▶ **Entries shown**:

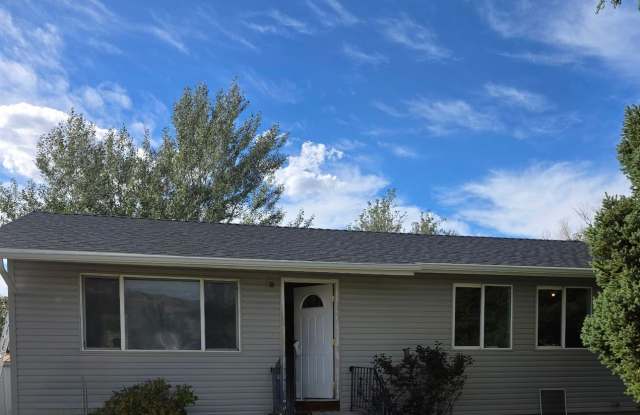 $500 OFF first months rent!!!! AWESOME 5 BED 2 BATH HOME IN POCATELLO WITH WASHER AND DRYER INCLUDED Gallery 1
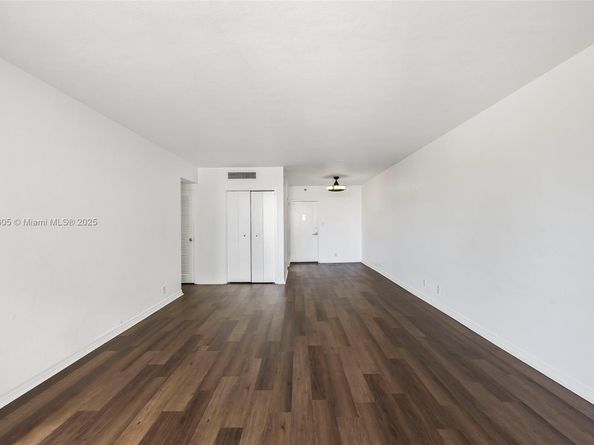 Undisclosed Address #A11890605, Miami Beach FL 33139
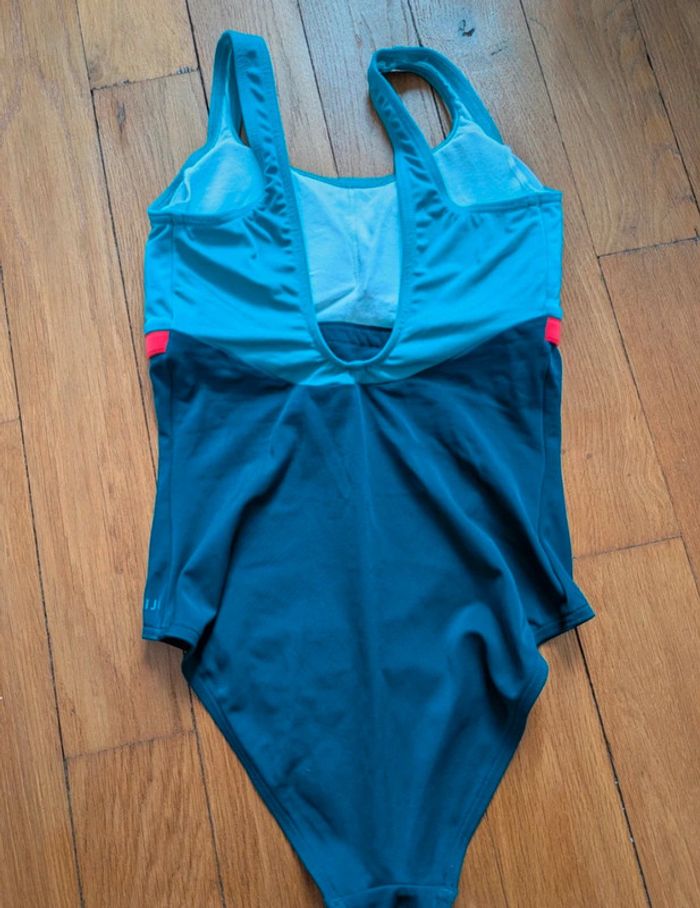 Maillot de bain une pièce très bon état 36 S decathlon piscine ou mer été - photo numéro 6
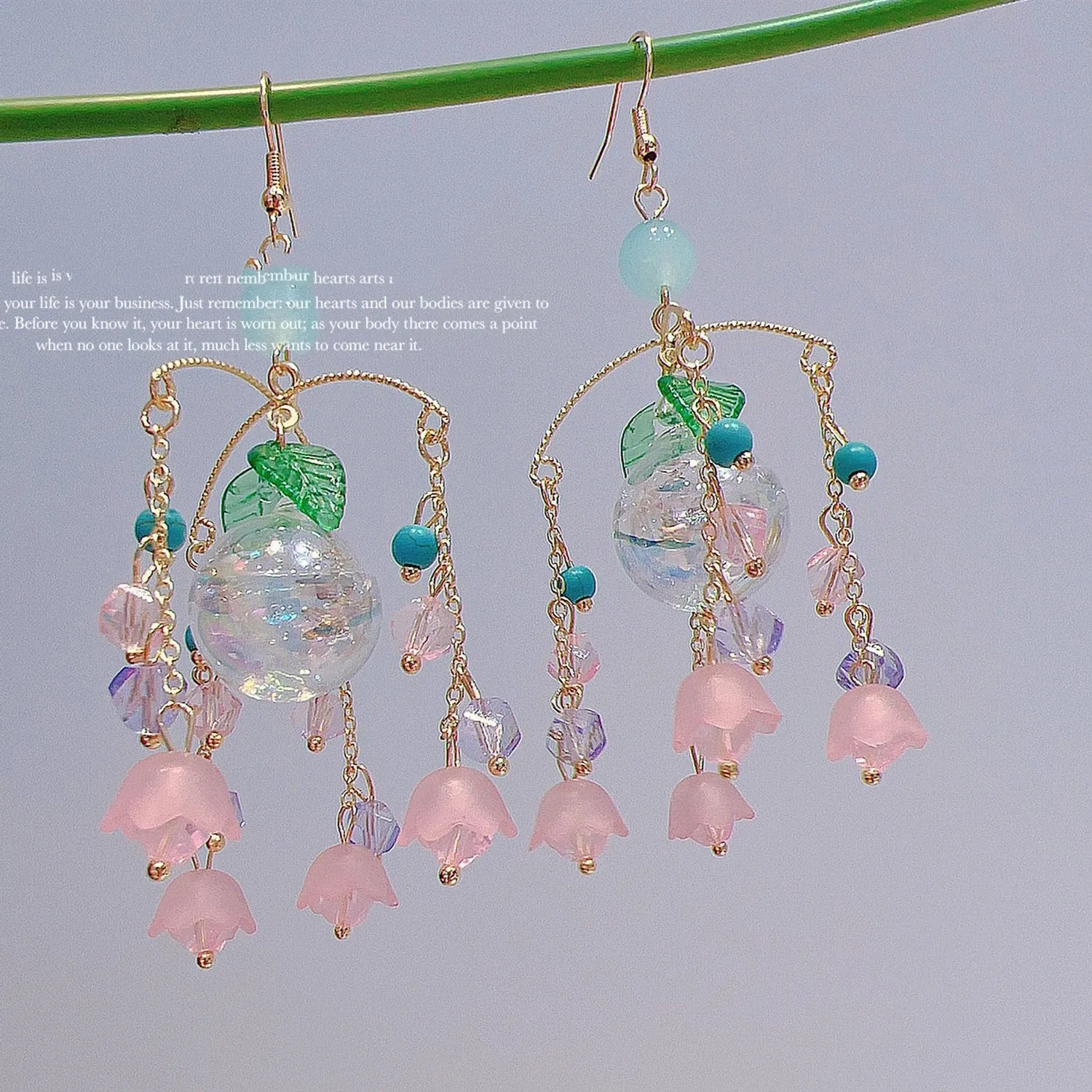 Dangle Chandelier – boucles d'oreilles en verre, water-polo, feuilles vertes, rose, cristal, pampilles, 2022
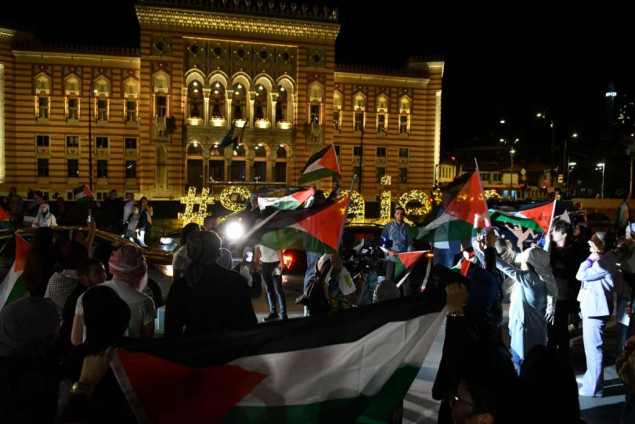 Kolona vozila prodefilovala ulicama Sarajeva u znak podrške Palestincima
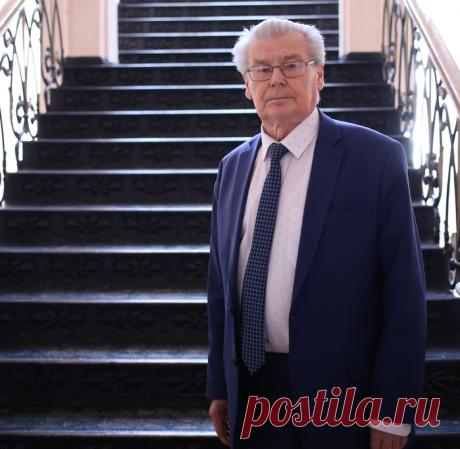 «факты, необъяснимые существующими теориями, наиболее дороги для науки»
* * *
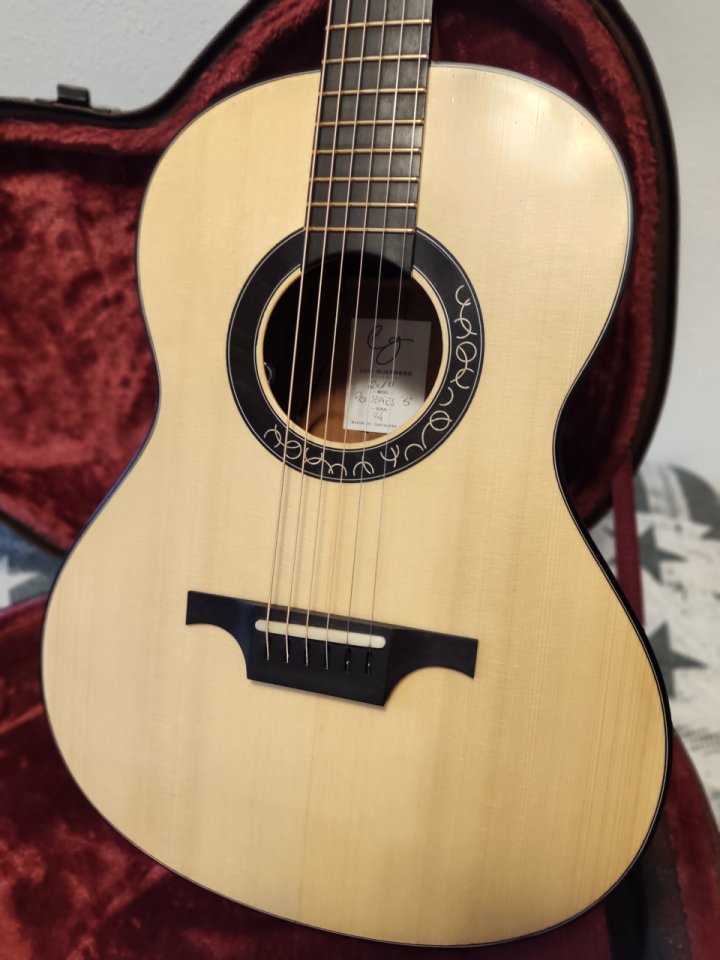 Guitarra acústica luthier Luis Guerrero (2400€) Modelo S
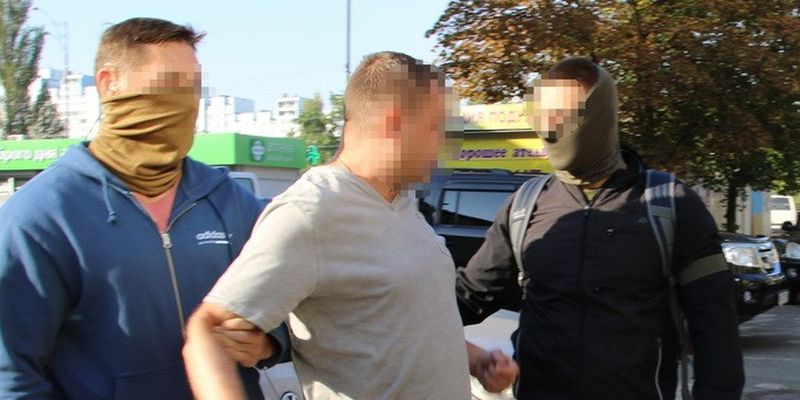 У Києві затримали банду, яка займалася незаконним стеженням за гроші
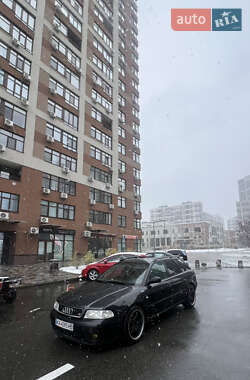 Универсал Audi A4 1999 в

▶ **Exercise**:
Exactly the lines starting at the one above with "Undisclosed Address #A11890605, Miami" and ending at the one with "существующими теориями, наиболее" should be printed, and nothing else. Omit the pictures.

▶ **Exercise output**:
 Undisclosed Address #A11890605, Miami Beach FL 33139
 Maillot de bain une pièce très bon état 36 S decathlon piscine ou mer été - photo numéro 6
 Dangle Chandelier – boucles d'oreilles en verre, water-polo, feuilles vertes, rose, cristal, pampilles, 2022
 Kolona vozila prodefilovala ulicama Sarajeva u znak podrške Palestincima
 «факты, необъяснимые существующими теориями, наиболее дороги для науки»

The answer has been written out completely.